Just few years earlier, in 2007, Bangladesh was hit by one of the most powerful storms the country ever experienced. Cyclone Sidr formed in the central Bay of Bengal and quickly strengthened to reach sustained wind speeds of over 260 km/h. The storm hit Bangladesh on November 15, 2007 and caused the deaths of around 3400 people, according to the Government of Bangladesh. The cyclone also led to one of the largest blackouts ever recorded: 75 million people lost access to power, which translated into 1.9 billion customer-hours of lost electricity services.
These experiences underline not only the vulnerability of densely populated coastal areas to natural shocks but also more specifically the vulnerability of key lifeline infrastructure. Even in high-income industrialized economies, electricity infrastructure can be heavily affected by natural shocks. Moreover, historic data from many countries show that the power outages due to Hurricane Sandy and Cyclone Sidr were by no means isolated incidents. Natural hazards are indeed among the most frequent causes of electricity supply disruptions. In this article, the authors summarize existing data sources and research to illustrate the vulnerability of power systems to natural shocks.

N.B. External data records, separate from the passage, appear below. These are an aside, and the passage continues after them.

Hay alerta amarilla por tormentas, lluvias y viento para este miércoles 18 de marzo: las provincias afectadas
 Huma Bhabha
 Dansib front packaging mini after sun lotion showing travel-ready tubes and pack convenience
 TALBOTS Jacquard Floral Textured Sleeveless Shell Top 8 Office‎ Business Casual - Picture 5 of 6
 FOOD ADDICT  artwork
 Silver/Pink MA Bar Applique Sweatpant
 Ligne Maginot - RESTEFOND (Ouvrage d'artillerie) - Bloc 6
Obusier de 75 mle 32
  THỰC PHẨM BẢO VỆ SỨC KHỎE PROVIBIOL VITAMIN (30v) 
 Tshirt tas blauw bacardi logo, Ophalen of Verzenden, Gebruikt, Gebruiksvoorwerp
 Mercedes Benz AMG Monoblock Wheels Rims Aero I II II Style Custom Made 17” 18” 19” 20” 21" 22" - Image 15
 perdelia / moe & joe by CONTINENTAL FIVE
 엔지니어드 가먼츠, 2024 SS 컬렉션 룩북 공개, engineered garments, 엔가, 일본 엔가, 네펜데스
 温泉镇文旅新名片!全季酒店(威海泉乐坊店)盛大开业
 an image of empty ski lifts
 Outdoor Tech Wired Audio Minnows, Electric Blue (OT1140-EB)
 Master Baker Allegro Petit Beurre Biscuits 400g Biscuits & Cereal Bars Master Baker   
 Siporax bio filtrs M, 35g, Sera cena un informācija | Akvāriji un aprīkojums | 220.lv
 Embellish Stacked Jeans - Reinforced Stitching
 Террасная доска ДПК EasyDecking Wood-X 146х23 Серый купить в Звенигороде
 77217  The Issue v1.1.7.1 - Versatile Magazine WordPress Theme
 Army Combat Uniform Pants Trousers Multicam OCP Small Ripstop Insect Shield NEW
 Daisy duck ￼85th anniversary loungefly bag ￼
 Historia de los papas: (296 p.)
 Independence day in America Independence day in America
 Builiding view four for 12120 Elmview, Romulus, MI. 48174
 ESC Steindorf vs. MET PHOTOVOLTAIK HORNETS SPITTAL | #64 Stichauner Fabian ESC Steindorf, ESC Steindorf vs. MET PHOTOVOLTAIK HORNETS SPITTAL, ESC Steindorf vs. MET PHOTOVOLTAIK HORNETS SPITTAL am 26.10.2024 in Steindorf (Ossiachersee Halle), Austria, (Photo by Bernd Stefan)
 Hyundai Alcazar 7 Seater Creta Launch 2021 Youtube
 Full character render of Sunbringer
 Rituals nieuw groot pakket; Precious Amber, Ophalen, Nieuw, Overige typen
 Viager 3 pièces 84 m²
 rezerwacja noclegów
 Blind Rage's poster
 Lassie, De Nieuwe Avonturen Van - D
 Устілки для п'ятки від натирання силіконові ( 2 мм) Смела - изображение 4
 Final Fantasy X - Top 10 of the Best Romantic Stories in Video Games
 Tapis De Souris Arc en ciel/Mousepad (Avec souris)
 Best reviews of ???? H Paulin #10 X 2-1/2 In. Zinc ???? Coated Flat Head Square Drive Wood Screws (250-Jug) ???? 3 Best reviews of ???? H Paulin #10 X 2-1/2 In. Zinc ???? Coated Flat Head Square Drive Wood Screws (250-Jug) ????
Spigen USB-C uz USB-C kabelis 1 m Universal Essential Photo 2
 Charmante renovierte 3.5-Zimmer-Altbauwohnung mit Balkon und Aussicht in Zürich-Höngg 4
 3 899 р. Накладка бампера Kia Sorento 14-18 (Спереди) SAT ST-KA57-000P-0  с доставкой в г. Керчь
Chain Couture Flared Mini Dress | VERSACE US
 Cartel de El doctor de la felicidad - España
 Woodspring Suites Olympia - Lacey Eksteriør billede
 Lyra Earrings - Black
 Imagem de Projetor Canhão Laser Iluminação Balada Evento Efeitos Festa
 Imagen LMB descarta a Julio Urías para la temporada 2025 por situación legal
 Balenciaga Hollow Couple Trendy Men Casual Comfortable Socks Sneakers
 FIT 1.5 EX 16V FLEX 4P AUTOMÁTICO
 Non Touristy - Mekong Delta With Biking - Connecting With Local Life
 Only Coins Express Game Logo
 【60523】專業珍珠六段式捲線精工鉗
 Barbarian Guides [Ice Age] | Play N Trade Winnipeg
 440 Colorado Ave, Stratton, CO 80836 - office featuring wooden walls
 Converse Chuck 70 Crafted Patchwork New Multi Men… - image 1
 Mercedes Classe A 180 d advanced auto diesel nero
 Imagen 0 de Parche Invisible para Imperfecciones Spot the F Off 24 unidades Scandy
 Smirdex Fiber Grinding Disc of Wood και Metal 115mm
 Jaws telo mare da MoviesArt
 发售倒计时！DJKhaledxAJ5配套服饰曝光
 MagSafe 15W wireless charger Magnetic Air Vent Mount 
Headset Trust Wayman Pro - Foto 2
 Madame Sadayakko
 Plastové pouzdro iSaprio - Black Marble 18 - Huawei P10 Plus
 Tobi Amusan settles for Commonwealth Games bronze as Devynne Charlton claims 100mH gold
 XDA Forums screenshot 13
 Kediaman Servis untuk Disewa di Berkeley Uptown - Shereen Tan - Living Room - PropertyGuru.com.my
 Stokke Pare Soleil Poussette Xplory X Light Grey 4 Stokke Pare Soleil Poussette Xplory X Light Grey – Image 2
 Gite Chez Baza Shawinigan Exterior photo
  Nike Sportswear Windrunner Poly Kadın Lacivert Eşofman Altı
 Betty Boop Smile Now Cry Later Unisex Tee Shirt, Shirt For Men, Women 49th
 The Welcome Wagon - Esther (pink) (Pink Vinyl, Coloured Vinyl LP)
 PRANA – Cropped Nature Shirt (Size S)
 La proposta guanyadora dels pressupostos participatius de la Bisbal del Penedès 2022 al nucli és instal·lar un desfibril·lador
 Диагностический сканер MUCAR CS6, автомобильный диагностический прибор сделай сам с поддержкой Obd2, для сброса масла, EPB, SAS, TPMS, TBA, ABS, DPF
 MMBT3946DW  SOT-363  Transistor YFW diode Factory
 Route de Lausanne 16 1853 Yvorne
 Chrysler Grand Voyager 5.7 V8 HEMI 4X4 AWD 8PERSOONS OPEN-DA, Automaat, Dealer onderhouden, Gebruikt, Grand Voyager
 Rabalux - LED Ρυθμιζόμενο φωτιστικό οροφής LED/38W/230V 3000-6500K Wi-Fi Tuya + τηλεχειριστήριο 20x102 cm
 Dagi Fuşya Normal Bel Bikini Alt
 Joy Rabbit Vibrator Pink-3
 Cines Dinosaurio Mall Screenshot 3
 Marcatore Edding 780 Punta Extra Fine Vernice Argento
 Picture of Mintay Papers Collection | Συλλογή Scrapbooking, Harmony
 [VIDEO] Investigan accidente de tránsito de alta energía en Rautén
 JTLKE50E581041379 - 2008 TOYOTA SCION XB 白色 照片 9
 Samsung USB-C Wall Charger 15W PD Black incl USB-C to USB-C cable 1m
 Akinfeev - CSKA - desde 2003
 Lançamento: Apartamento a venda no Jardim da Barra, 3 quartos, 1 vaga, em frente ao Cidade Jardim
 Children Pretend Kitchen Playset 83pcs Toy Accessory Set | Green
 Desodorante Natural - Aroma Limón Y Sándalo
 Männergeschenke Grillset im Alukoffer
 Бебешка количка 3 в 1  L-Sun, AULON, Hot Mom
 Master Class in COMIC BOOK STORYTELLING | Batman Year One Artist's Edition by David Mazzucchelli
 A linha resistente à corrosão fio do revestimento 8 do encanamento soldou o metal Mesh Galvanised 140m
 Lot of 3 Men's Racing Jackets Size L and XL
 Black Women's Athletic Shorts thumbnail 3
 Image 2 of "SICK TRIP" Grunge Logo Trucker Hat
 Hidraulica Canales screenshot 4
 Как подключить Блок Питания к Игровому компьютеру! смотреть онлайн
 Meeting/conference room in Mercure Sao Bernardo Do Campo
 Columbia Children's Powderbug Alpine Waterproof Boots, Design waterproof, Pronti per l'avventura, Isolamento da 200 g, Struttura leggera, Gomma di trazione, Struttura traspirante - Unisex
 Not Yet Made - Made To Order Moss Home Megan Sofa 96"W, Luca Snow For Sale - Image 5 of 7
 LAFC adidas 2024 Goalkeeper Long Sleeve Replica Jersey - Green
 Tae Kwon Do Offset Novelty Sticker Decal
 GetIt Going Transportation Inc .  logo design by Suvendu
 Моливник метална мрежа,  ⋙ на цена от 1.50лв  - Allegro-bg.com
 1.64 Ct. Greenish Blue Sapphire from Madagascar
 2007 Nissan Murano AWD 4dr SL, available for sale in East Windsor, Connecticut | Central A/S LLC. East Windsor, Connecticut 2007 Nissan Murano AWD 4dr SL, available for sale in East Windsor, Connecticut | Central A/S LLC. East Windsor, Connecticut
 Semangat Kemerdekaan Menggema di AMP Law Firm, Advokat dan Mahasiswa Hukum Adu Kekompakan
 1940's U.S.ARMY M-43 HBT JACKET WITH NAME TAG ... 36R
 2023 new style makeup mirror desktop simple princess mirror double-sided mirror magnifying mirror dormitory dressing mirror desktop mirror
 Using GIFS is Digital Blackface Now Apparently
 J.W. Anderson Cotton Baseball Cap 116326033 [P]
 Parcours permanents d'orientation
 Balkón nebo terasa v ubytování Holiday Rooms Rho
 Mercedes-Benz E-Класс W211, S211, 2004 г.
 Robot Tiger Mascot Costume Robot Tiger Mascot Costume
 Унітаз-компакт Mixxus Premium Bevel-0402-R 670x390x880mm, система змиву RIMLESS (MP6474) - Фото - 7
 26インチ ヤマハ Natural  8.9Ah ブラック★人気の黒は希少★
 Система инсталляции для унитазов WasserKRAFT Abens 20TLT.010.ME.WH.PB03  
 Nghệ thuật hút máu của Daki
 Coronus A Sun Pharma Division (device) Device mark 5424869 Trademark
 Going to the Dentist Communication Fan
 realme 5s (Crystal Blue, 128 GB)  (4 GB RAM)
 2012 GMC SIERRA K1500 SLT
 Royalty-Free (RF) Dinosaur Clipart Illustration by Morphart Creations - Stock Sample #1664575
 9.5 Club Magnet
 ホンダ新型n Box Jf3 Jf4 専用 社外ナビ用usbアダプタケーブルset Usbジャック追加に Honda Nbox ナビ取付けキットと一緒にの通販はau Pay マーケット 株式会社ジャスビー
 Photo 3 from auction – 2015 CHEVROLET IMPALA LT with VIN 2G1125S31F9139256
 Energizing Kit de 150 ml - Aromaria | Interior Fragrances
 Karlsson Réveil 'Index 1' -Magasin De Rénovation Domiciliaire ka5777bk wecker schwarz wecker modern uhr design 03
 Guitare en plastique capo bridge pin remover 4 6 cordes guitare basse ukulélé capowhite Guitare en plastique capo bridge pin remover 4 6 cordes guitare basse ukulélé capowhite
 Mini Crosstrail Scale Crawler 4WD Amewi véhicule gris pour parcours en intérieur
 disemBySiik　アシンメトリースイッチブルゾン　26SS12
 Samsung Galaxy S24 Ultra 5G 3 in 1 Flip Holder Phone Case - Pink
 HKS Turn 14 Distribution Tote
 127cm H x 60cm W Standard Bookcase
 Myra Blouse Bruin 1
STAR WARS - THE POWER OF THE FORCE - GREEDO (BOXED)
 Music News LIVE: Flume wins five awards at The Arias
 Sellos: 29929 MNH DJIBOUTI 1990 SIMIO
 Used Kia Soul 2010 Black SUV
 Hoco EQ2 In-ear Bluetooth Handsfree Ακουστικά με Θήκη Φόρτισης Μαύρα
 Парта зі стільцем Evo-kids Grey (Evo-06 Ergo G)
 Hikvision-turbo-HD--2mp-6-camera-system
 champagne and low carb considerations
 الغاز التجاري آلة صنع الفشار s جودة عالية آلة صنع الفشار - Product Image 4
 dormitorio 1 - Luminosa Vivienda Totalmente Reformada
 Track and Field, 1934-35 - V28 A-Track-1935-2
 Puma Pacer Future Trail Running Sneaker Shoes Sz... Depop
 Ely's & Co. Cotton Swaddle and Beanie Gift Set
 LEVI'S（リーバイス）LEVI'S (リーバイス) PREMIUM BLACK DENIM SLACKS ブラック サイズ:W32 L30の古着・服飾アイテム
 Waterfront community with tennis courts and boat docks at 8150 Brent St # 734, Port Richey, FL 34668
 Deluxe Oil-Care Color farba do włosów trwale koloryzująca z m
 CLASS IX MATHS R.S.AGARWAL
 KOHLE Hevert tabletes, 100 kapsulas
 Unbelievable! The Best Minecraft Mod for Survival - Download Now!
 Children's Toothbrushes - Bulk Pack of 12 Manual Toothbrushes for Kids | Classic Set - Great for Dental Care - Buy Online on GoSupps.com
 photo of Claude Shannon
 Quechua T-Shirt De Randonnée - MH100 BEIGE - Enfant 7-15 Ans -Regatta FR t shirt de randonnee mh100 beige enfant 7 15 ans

Natural Shocks (Especially Storms) Are a Leading Cause of Blackouts
A total of 2169 major power outages were recorded in the USA between the years 2000 and 2017. 2 These power outages were caused by a wide range of different factors that the authors broadly categorized into natural and non-natural causes. Natural shocks include storms, severe weather, extreme temperature, wildfire, and floods, whereas non-natural causes include operational disruptions, planned load shedding, unplanned technical failures, fuel supply shortages, and vandalism. An analysis of these outages shows that natural shocks account for 55% of all power outages, thus making natural shocks the leading cause of power outages in the USA. Nationwide, storms account for the majority of all natural hazards that caused outages (63%). But, the share of power outages caused by natural shocks varies significantly from state to state, ranging from 0% in Montana to 100% in Washington, DC (Figure 1). This large variation is indicative of the wide range of drivers that determine the probability of power outages, including the exposure to different types of natural hazards, environmental factors such as vegetation, the density of the grid, and regional differences in the quality of electricity infrastructure.
Similarly, in 26 European countries, 3 the Council of European Energy Regulators recorded a total of 463 significant power outages. 4 Unlike in the USA, the majority of power outages in the observed 17-year time frame were caused by non-natural causes (55%), while 27% of outages were due to natural shocks. The share of power outages caused by natural shocks varies widely – from 4% in the Slovak Republic to 73% in Slovenia. In addition, using data from Bangladesh, we arrive at similar estimates for a developing country: Storms are estimated to cause 3% and 33% of all the power outages in Chittagong and Dhaka, respectively.
These estimates from various countries also demonstrate that the vulnerability of electricity networks to natural shocks is not simply explained by the income status of a country, as lower income countries are not necessarily more or less vulnerable to natural shocks. Instead, electricity network vulnerability depends on a variety of factors, including network density, vegetation, and maintenance practices.